In the end it does not really matter how the program is ended, what matters is are the files closed then opened again time after time. Also destroying an activation group and recreating it is a significant performance killer. It might be this sysem has sufficent horsepower to power through it, but it will eventually catch up.

This is precisely the use case that was pointed out earlier where the program should simply encode a data queue message and allow a data queue handler to run the required updates. Even if there needs to be communication back to the originator that can be done with a data queue as well.
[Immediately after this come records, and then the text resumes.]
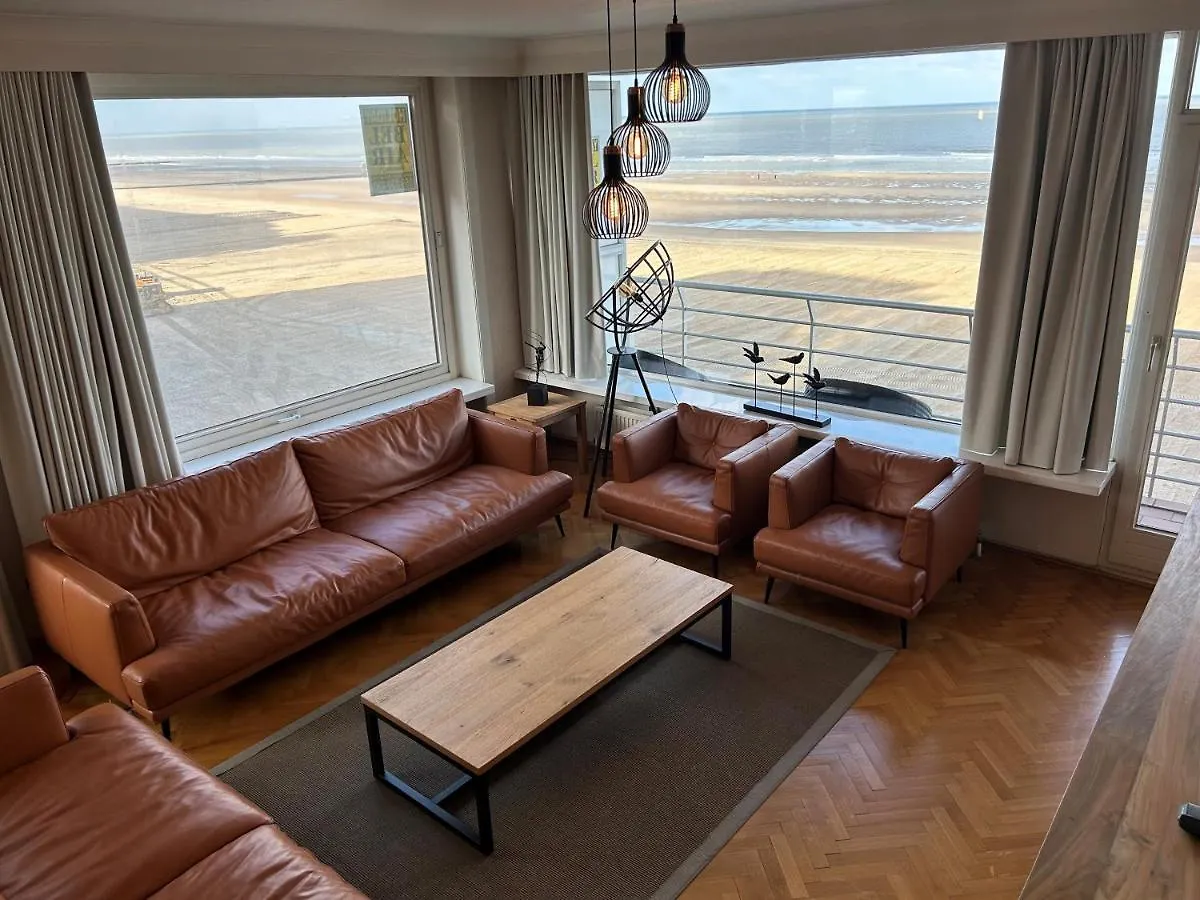 Beautiful And Spacious Holiday Apartment With Seaview T27 Ostende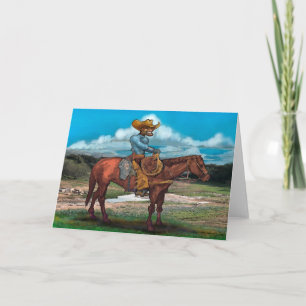 Cowboy Card Kaart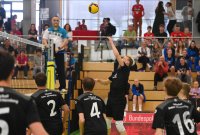 Volleyball Bundespokal Maennlich U 19 2023 beim TV Rottenburg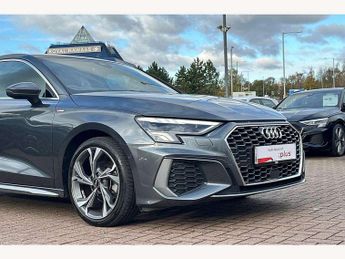 Audi A3 30 TFSI S Line 5dr S Tronic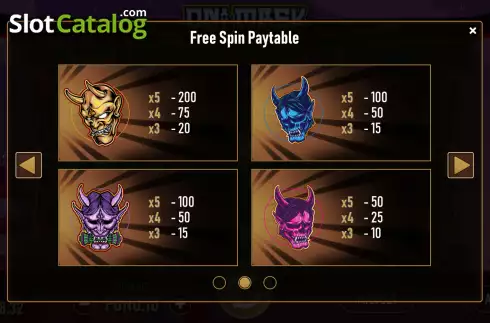 Οθόνη6. Oni Mask Κουλοχέρης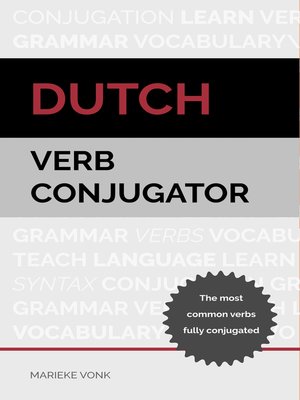 cover image of Dutch Verb Conjugator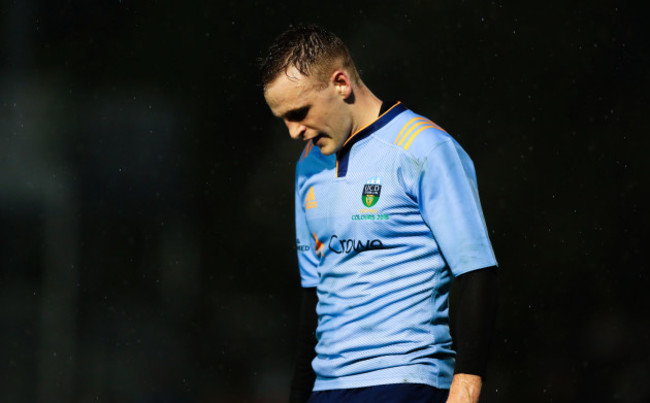 Nick McCarthy dejected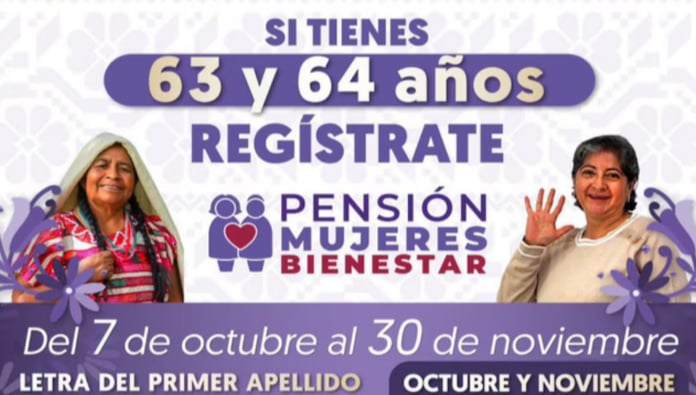 El registro será del 7 de octubre al 30 de noviembre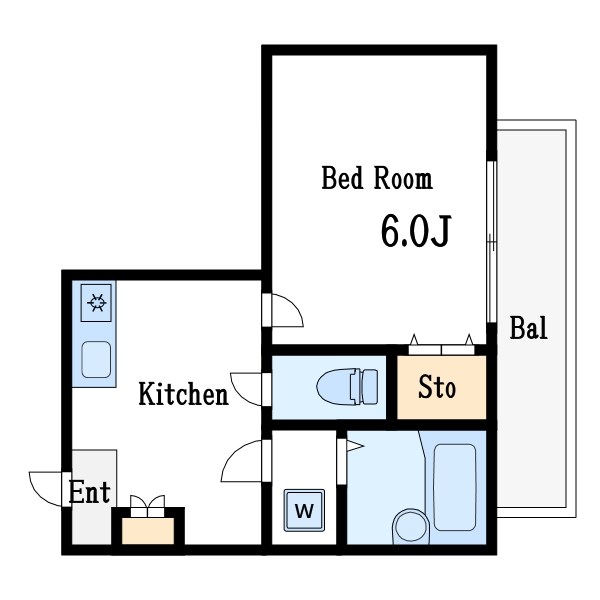 アーバニティハイムⅢ 間取り図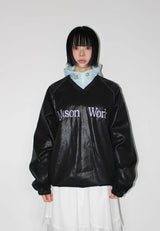 GLOSSY V-NECK MTM
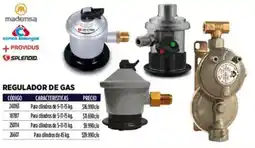 Construmart Mademsa +providus splendid regulador de gas oferta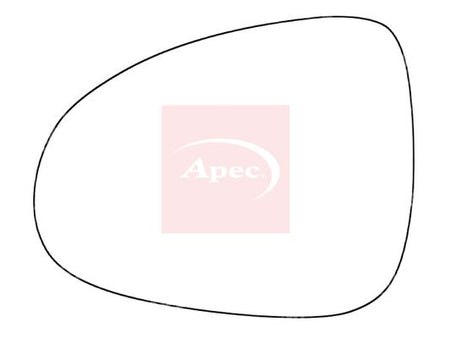 Apec AMS2663 Mirror Glass, exterior mirror - 2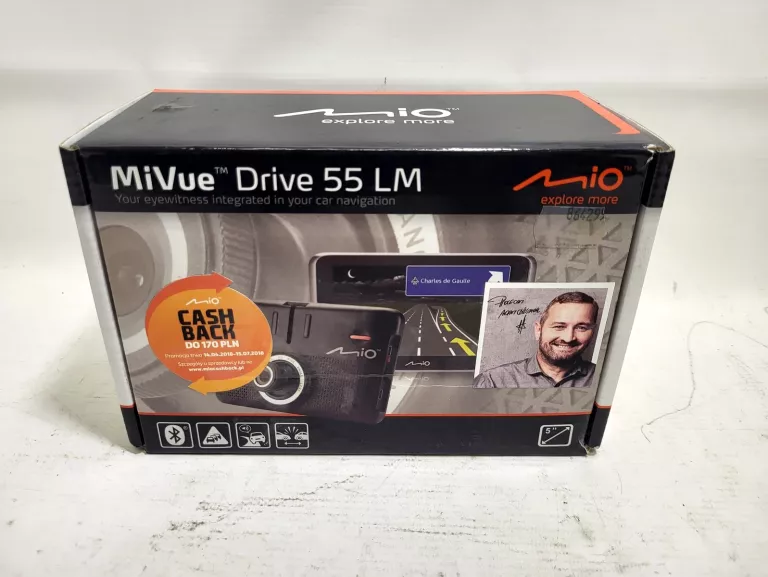 NAWIGACJA MIO DRIVE 55 LM OPIS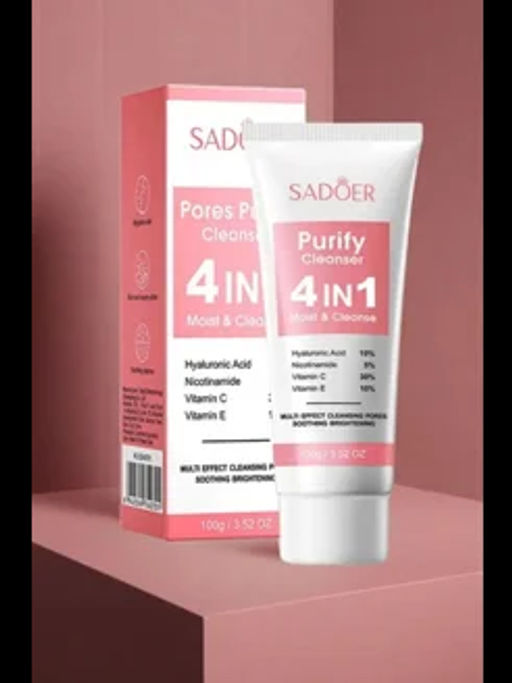100 мл   Пенка для умывания для молодой кожи - Sadoer фото 2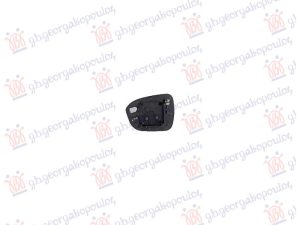 DOOR MIRROR GLASS HEATED (CONVEX GLASS)
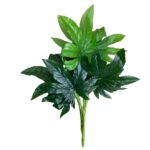 Artificial mini plant unpotted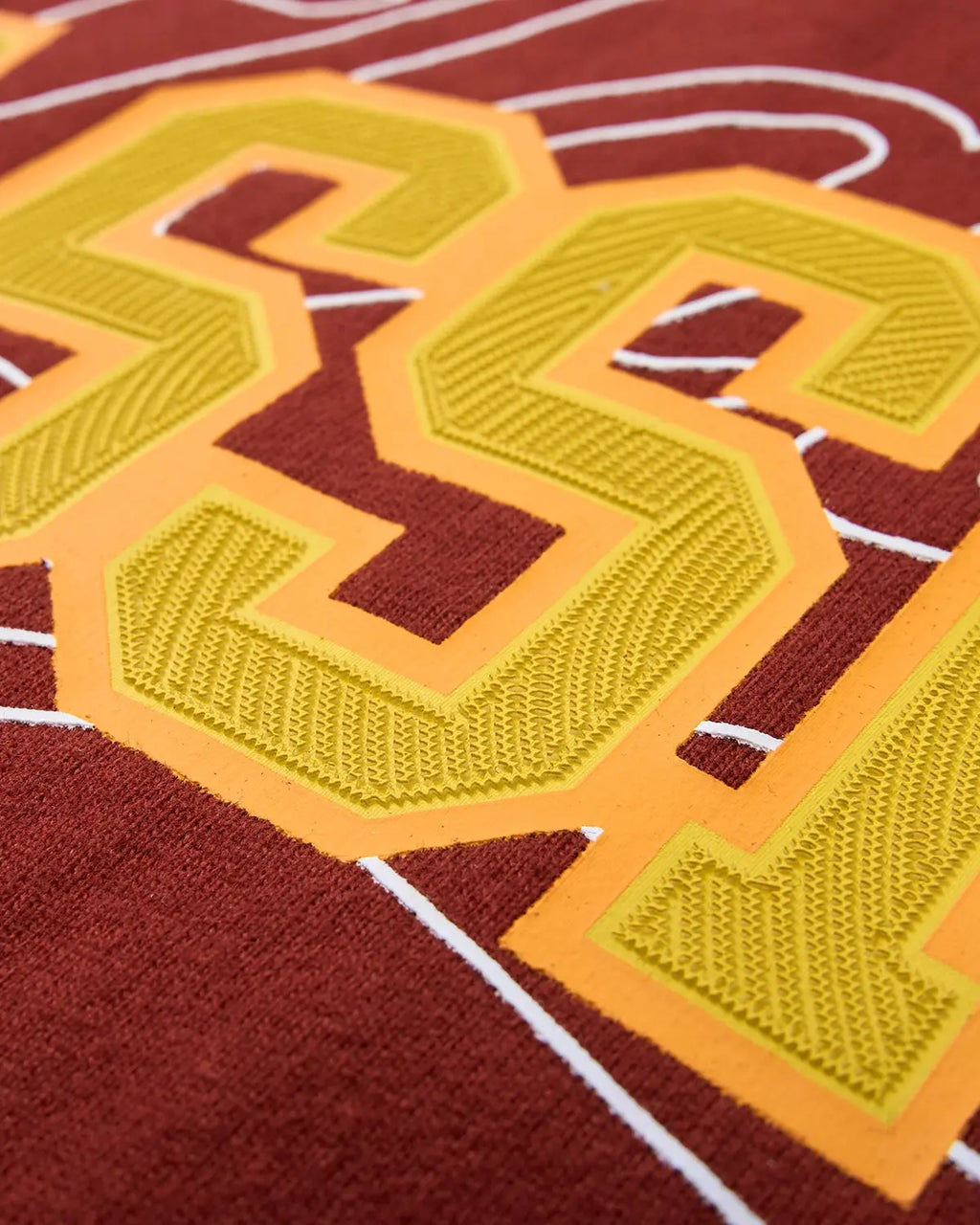 Retro V-Neck Jersey by INFLATION Streetwear featuring a classic V-neck design and vintage-inspired style.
Much faster and scaleable to whatever size is needed.

That entire program sequence needs an upgrade to technology we’ve been using since the V4 days…...

Jim Oberholtzer
Agile Technology Architects
From: RPG400-L <rpg400-l-bounces@xxxxxxxxxxxxxxxxxx> on behalf of Javier Sanchez <javiersanchezbarquero@xxxxxxxxx>
Date: Thursday, April 16, 2026 at 8:24 AM
To: RPG programming on IBM i <rpg400-l@xxxxxxxxxxxxxxxxxx>
Subject: Re: *INLR

What happens if I'd rather use the Standard C API "exit()" within the RPG
program?

JS

El mié, 15 abr 2026 a las 17:40, Barbara Morris (<bmorris@xxxxxxxxxx>)
escribió:

On 2026-04-15 4:48 p.m.,
smith5646midrange@xxxxxxxxx wrote:
...
PgmB
Process invoice based on invoice number received
Mark invoice as Processed
** Note: no *INLR logic here
Return

VS

Process invoice based on invoice number received
Mark invoice as Processed
*inlr = *on
Return


If PgmB is the only thing that runs in a submitted job, the only
difference with ending LR-on or LR-off is the timing of when the files
are closed.

Setting on LR within the program means that files get closed explicitly
by RPG. Returning with LR off means that files get closed by the system
when the activation group ends (due to the job ending).

I don't know which is faster, but my guess is that the difference
(either way) is tiny compared to the cost of starting the new job and
doing the actual work of the program.